[Opening Source information section]

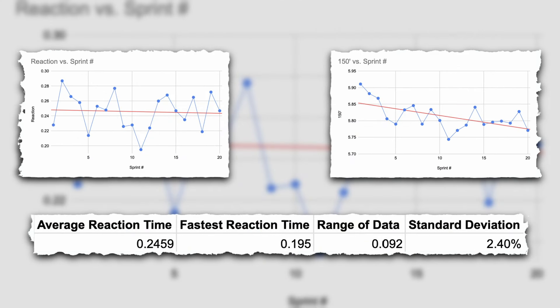I put all the data together and here it is. As you can see, there's not really a trend in the reaction time — it was pretty random over the entire session — compared to the sprint times which had a decrease over time. Over the whole session, my average reaction time was 0.2459, my fastest reaction time was 0.195, the range from fastest to slowest was 0.092, and the standard deviation was 2.4. The reaction time isn't a huge component as in track and field sprinting because we have a gate that falls, so we can't go faster than that. But when you compare my fastest and slowest reaction times, those could be the difference between being late or hitting the gate, so this is definitely a component to keep in mind and something super cool to track. I'm a huge numbers guy and this was super interesting to me.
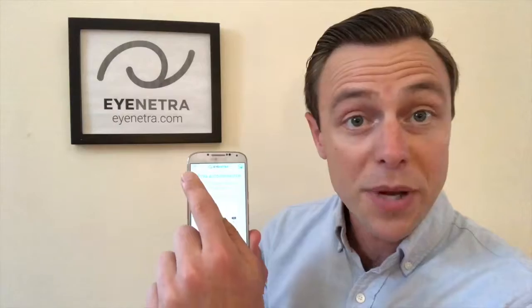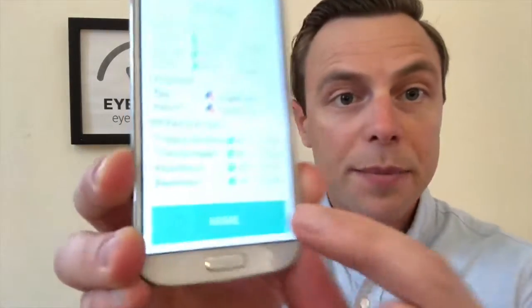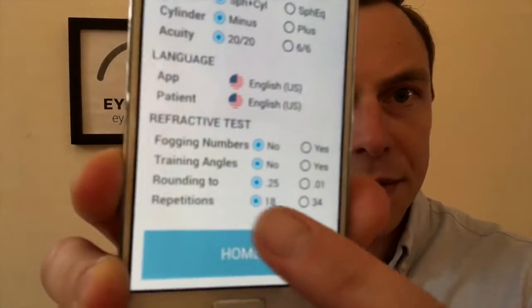One of the recent updates to the Netra autorefractor contains the new 34-repetition mode. By selecting 34 repetitions instead of the standard 18, the patient now has more measurements to perform during the test. The added measurements translate into an increase in accuracy, making the measurements that much more reliable. To engage the 34-repetition mode, simply open up the Netra app, select the drop-down menu in the upper left-hand corner, select App Settings from the menu, and then towards the bottom you can change the repetitions from 18 to 34.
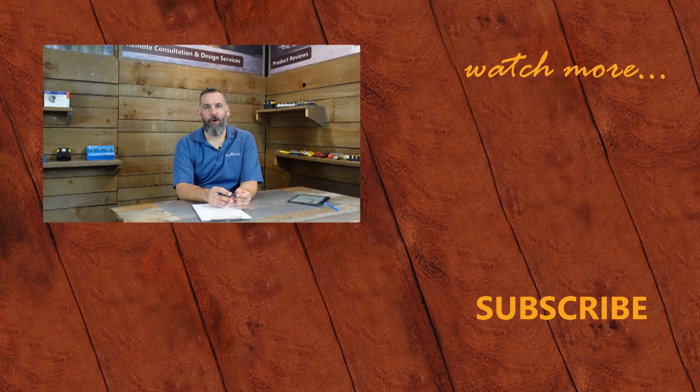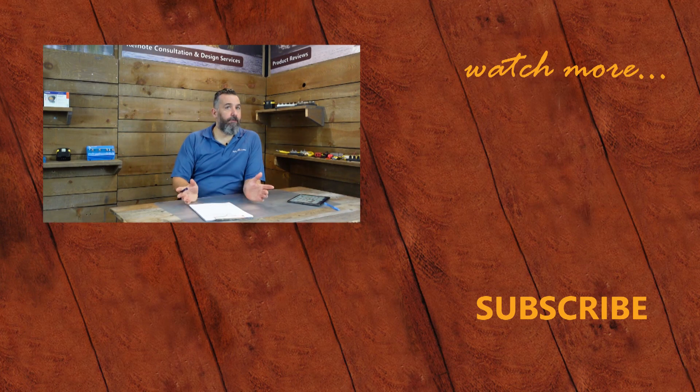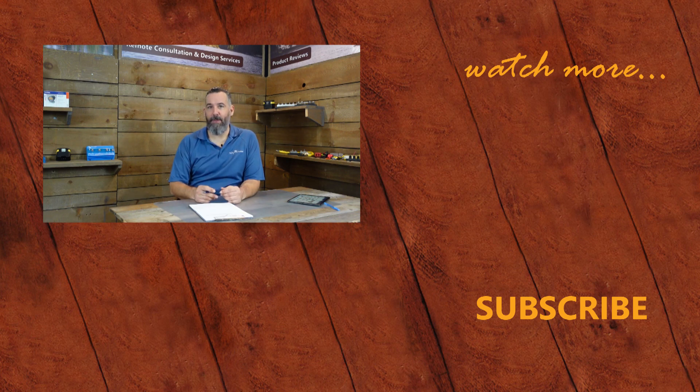Thank you for watching this PYS video. If you've got further questions, please ask below or contact us on our website. You can support us in keeping our channel ad-free by purchasing some merch on our store or making a donation through PayPal. Don't forget to subscribe — thanks again for watching.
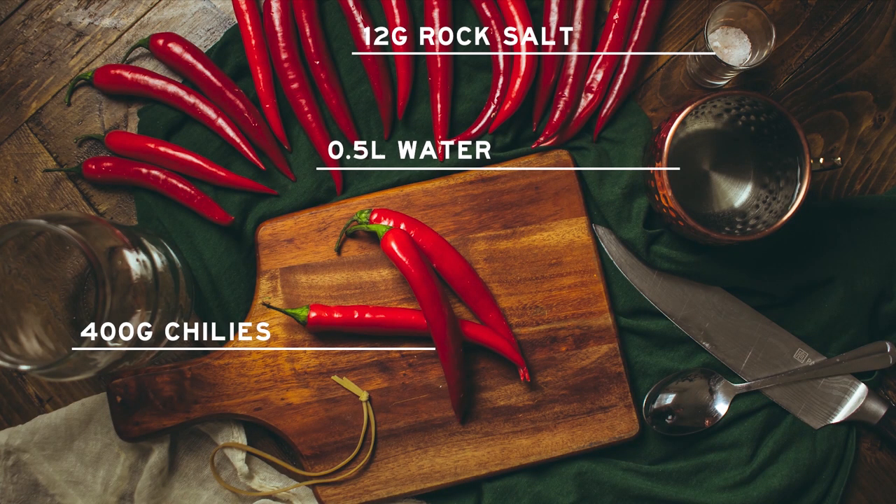When it comes to ingredients, you can do as much or as little as you want. The most important thing to remember is when calculating the salt, you will need 2 to 3 percent of the entire quantity of chilies used. So as you can see, for 400 grams of chilies we ended up with 12 grams of rock salt.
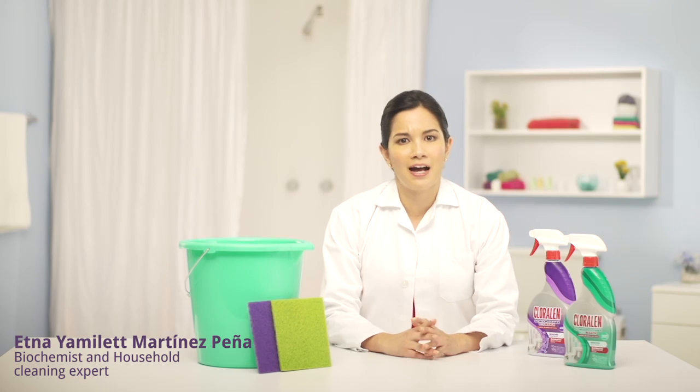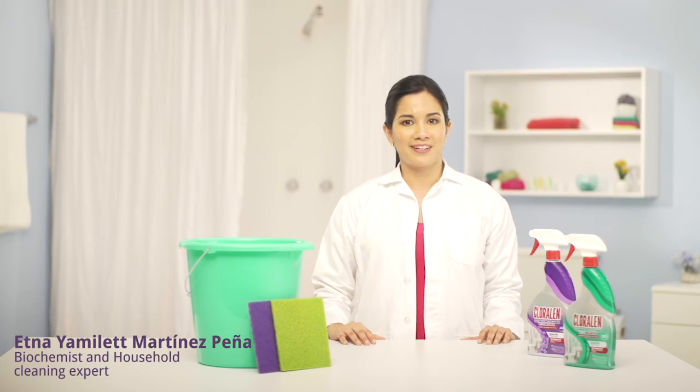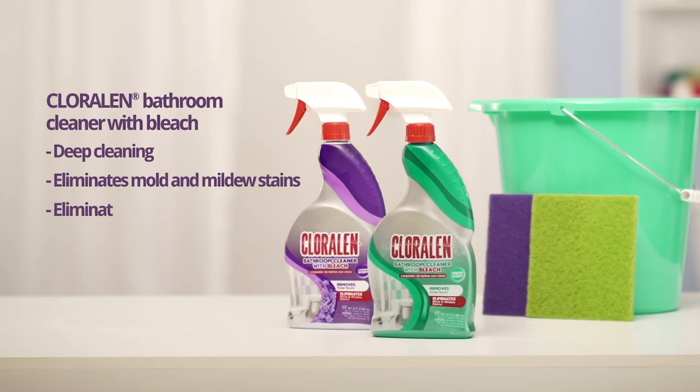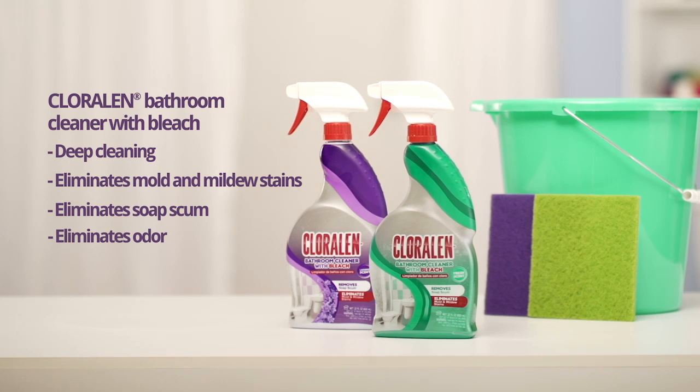Need to clean your bathroom towel and tub? I have the best cleaning tip for you. It's easy! With our cleaning kit and ChlorAlen bathroom cleaner with bleach, cleaning towels and tubs is faster.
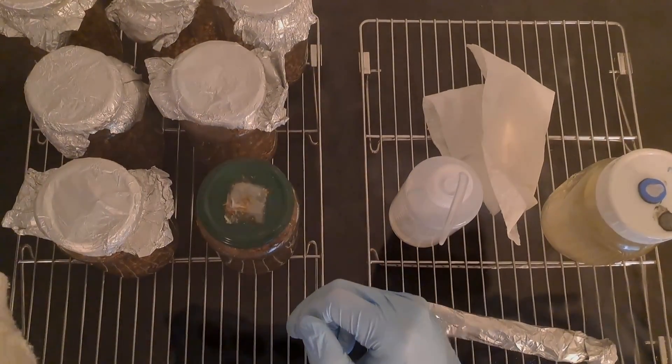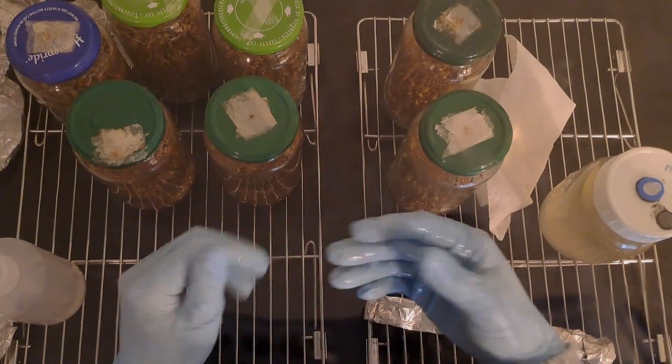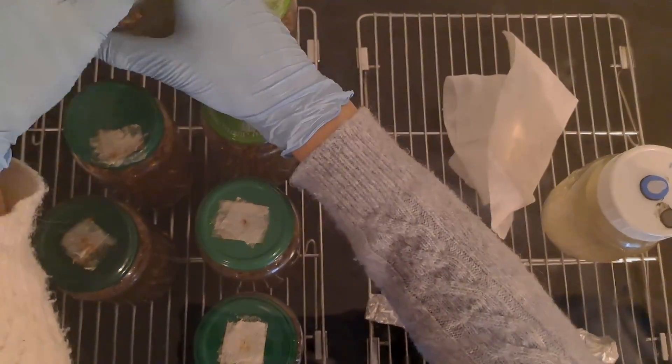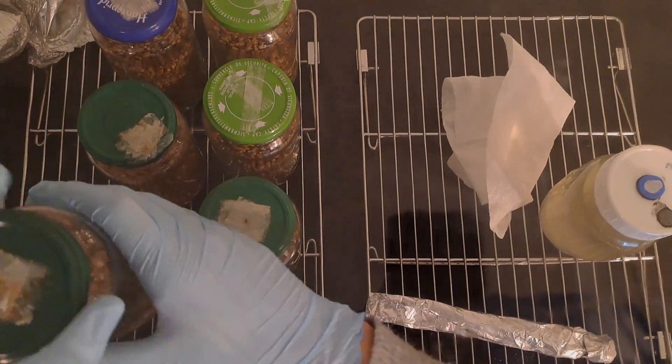First thing you're going to want to do is create some grain spawn. I'm not going to go into too much detail about how to do that here because I've got other videos which cover this in full, but this is just me inside the still air box making some grain spawn with liquid culture.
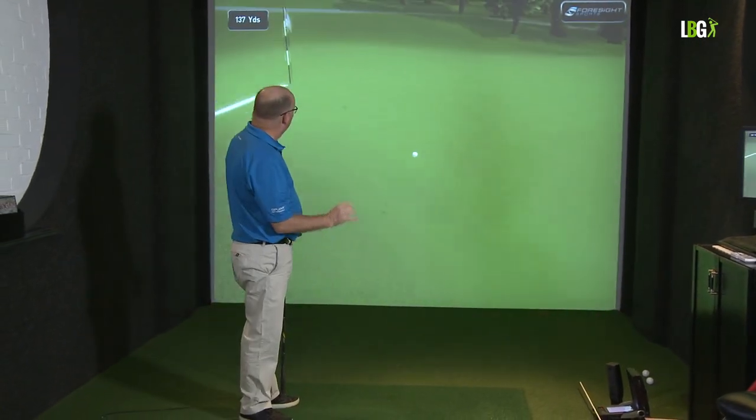I caught that a little bit more strongly, worked the ball up, and now you see I've gone from 120 yards up the hill to over 140.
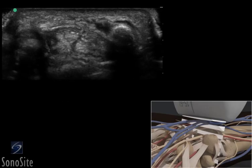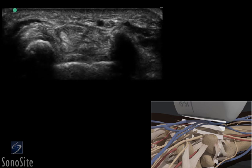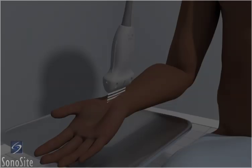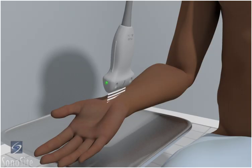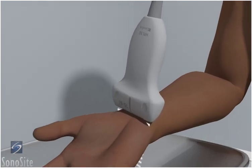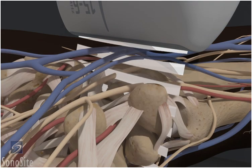A linear array transducer with a musculoskeletal exam type is used to perform an ultrasound examination of median nerve entrapment. The patient is in a sitting position with the arm flexed and the hand externally rotated. The transducer is placed transversely over the proximal wrist crease with the orientation marker directed to the patient's right.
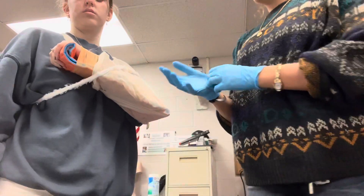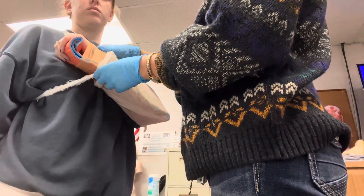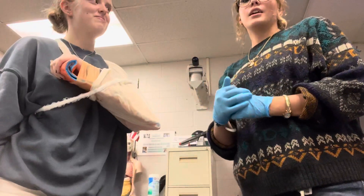Once she is splinted, I will recheck CMS. I'll check for a pulse again. Ma'am, can I have you wiggle your fingers? And then what finger am I touching? Done. Perfect. Motor, sensory, and circulatory functions are present and normal.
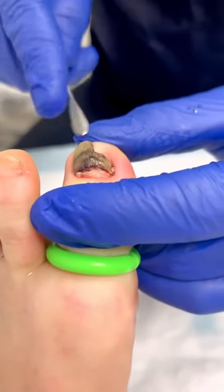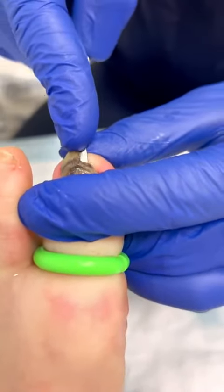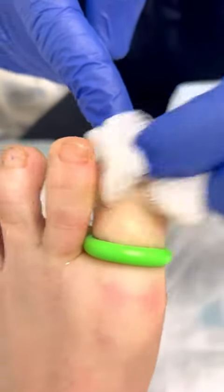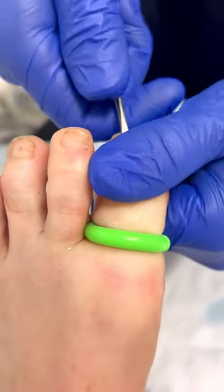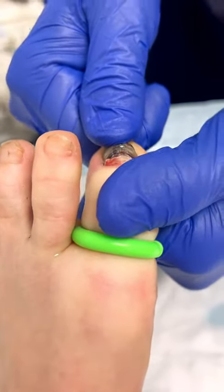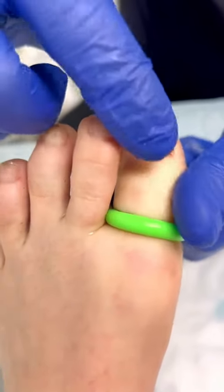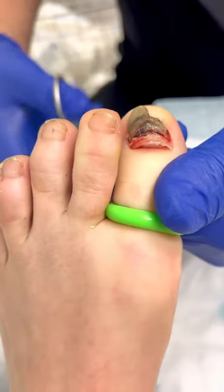Now that we've got the top loose, we go underneath. And once the freer is under, now that we've loosened everything up, we do this little maneuver where we literally just pop the nail. The nail pops, and then the only thing that typically attaches is the very tip of the nail.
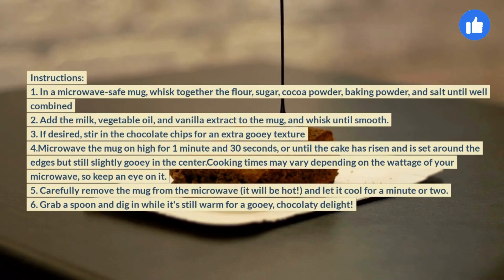Add the milk, vegetable oil, and vanilla extract to the mug, and whisk until smooth. 3. If desired, stir in the chocolate chips for an extra gooey texture.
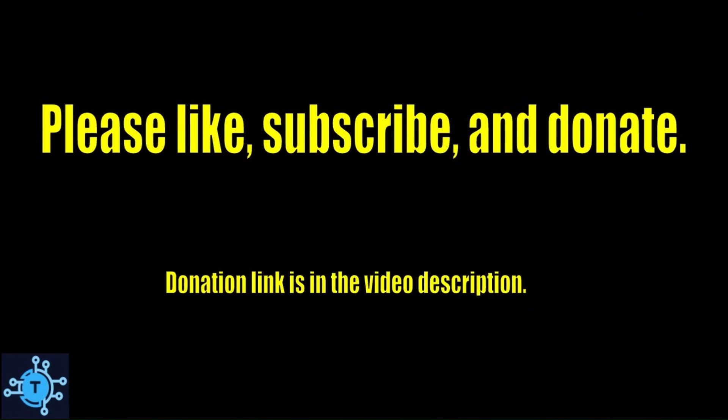That's it for this video. I hope you found it interesting and informative. If so, please give it a thumbs up and subscribe to this channel.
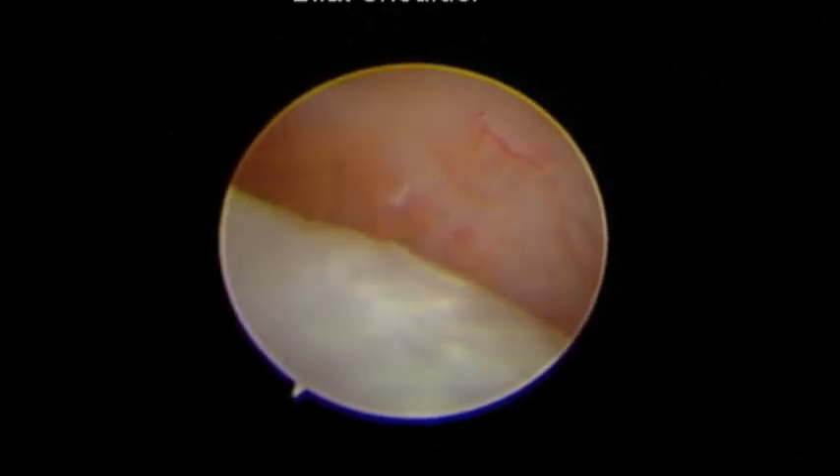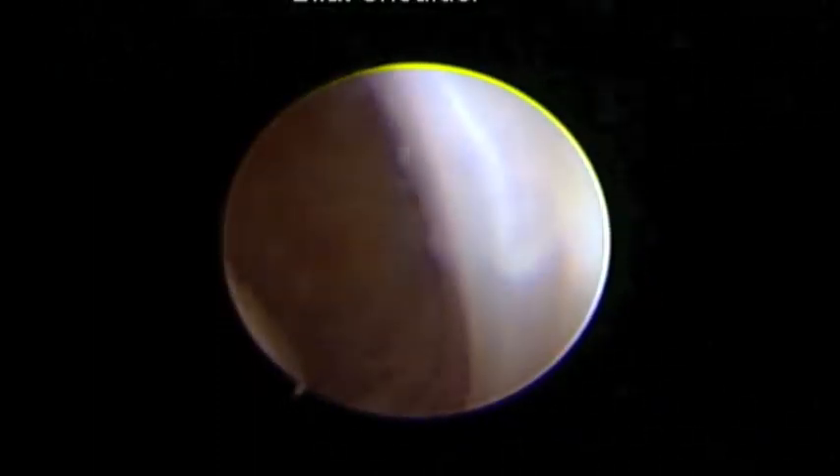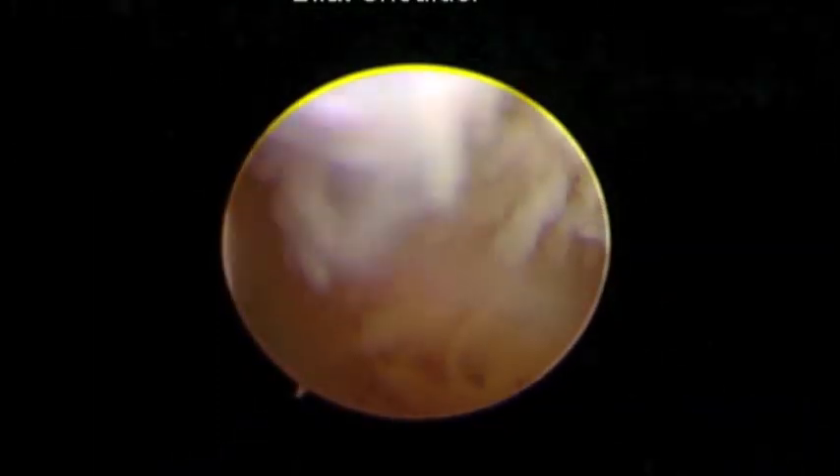Without a doubt, this is the worst shoulder I've ever seen in a border collie in my entire life. From top to bottom, front to back, there was pathology everywhere. I'm not quite sure what was keeping this shoulder joint in the socket.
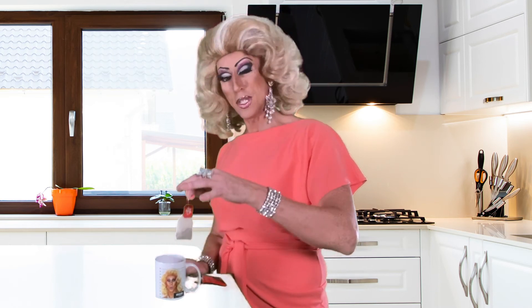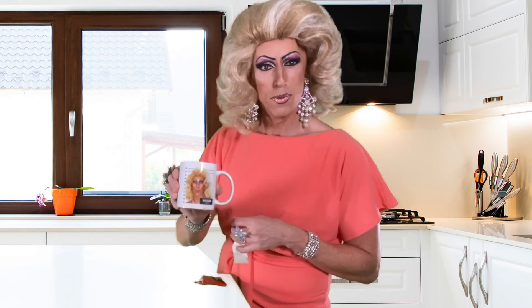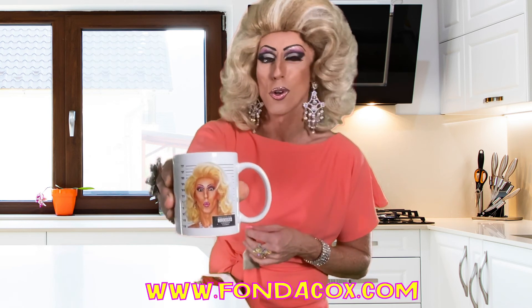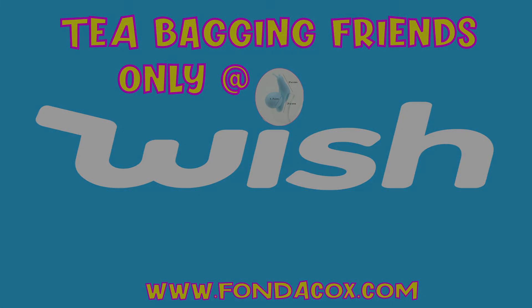So there you have it, the teabag snail. Now you never need to wonder where your teabag is because it's on the end of your snail. Oh, what a lovely mug. I think these are available to purchase from www.fondercox.com. Have a look. Another brilliant idea from Wish.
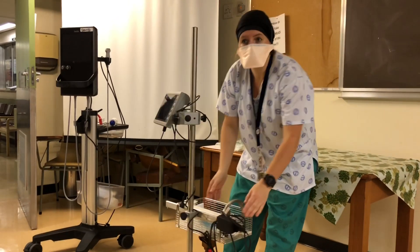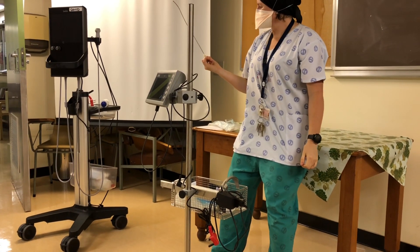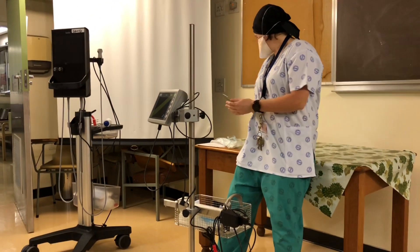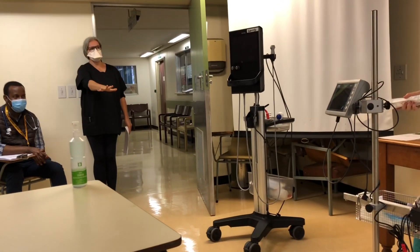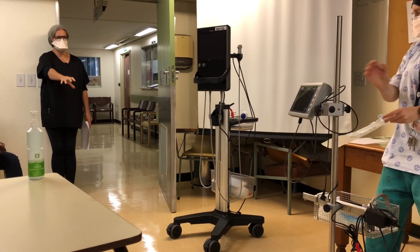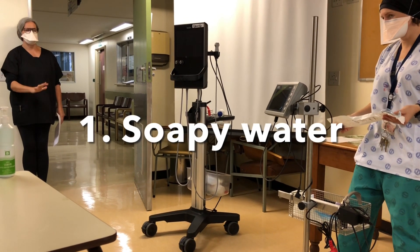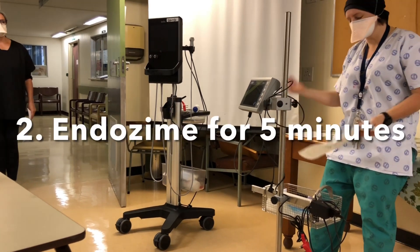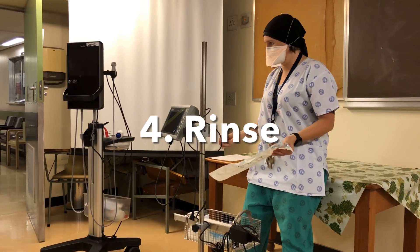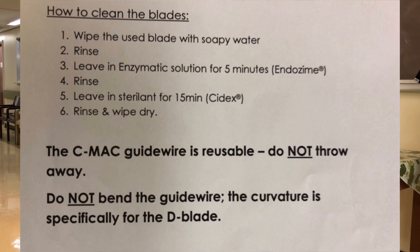Any questions? Regarding the guide wire — do you put that in the Endozyme as well? Yes. Just to recap: soap and water first, wash it first. Endozyme for five minutes. Check it, make sure there's no gunk on it. If there's gunk, back in the Endozyme, wash it off again. If it's clean, rinse it off. Then Sidex for 15 minutes. After the 15 minutes, rinse it off — it's important to rinse it off because Sidex can burn a patient. In theatre we leave it to five minutes for Endozyme.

[Closing Source information section]

In the data above, take the line with "Thank you for", the line with "When it comes", and every line between, and set them down exactly without pictures.

» Exercise response
Thank you for watching this PYS video. If you've got further questions, please ask below or contact us on our website. You can support us in keeping our channel ad-free by purchasing some merch on our store or making a donation through PayPal. Don't forget to subscribe — thanks again for watching.
When it comes to ingredients, you can do as much or as little as you want. The most important thing to remember is when calculating the salt, you will need 2 to 3 percent of the entire quantity of chilies used. So as you can see, for 400 grams of chilies we ended up with 12 grams of rock salt.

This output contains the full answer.